As a summer program facilitator, Jaylon Verser says, “Kids trust us. Not just to give them a typical answer, but to really see them and hear them. We take the time to develop relationships with them that give us the place to speak to them in ways that really help them navigate conflict.”
Larry added, “The work is a challenge. We’re in spaces that are not comfortable, and secondary trauma is real. As those in the trenches helping these youth, we have to build our own resilience skills. That’s why our team is also focused on self care.”

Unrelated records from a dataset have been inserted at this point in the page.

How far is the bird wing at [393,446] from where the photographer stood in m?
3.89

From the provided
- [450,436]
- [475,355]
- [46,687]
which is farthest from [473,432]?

Building Relationships to Restore Hope
The men and women in blue at the Police Athletic League (PAL) want to reduce (and break) the cycles of violence and poverty, giving Jackson County kids a hopeful future. Serving youth ages 8–18 who are often overlooked, forgotten, or have unmet relational, mental, physical or social-emotional needs, their facility (located in an area of Kansas City that experiences more violence), offers a safe place for kids to belong. And, for some, to experience what it’s like to feel part of a family.
Amelia Ryan, Director of their Wellness and Resiliency Program, remembers a 10 year old in the foster care system sitting on the bleachers when he first arrived. He eventually asked her for a hug and started to meet other children. “Over a couple of months he went from self seclusion to expressing how ‘PAL was his family.’ To see him and others like him go from little self worth to feeling worthy of family and engaging with others is what we’re here for.”
For Sergeant Skip Cox, Executive Director, these kids are the reason he gets up every day. To see them become productive members of the community. “There’s a generational impact at work here, and we have a blueprint to make this happen.”
Drawn By Sports, Nurtured By Relationship
Kids and youth are initially drawn to PAL by sports, arts and crafts, but the organization also provides hot meals, hygiene products and clothes, sports physicals and haircuts during back-to-school events, holiday parties, dental and vision services through Smile Campaigns, and other services not provided in their schools. In the process, officers build healthy relationships with the kids. They get to laugh and have fun, experiencing neural connections that encourage proper development in holistic ways.
These relationships are a lifeline for kids whose parents may be without transportation or are working multiple jobs and just can’t give their children the attention they need to develop socially and emotionally. Regarding funding from the CSF, Amelia says, “this program gives these kids a voice and opportunity to go beyond their physical and geographical limitations, as well as the walls built up in their minds. They get to see life differently and know their life matters.”
Extending Mental Health Services in the Community
Amelia sees a spotlight on the role of mental health professionals. She recently wrote about it in The Role of Child Life Specialists in Community Settings as it relates to law enforcement. Through PAL, she’s able to extend her work in a non-traditional setting out into the community to help kids feel supported and learn to thrive.